[[ Raw data open ]]
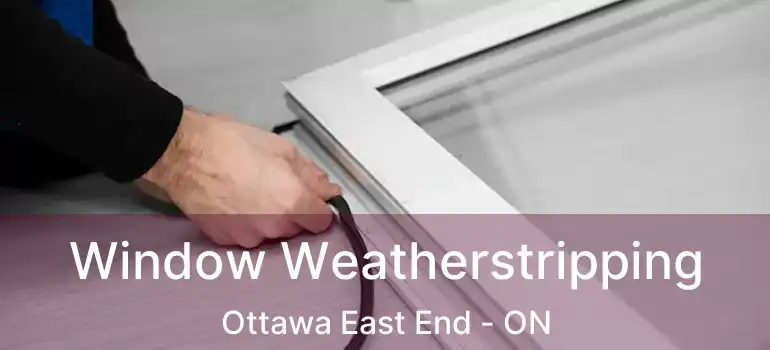  Window Weatherstripping Ottawa East End - ON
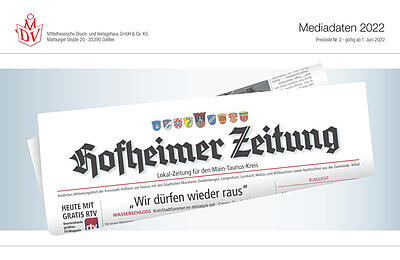 Preisliste Hofheimer Zeitung 2022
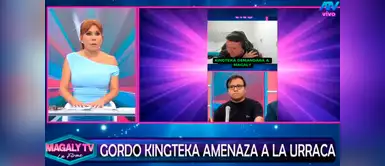 Kingteka amenaza a Magaly Medina Kingteka NO SE GUARDA NADA y advierte a Magaly Medina: “Te voy a hacer pagar más que Jeffry”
[[ Raw data closed ]]
* **Description of the task**:
A verbatim copy of the data, pictures removed, is the expected result.

* **Solution for this exercise**:
  Window Weatherstripping Ottawa East End - ON
 Preisliste Hofheimer Zeitung 2022
 Kingteka amenaza a Magaly Medina Kingteka NO SE GUARDA NADA y advierte a Magaly Medina: “Te voy a hacer pagar más que Jeffry”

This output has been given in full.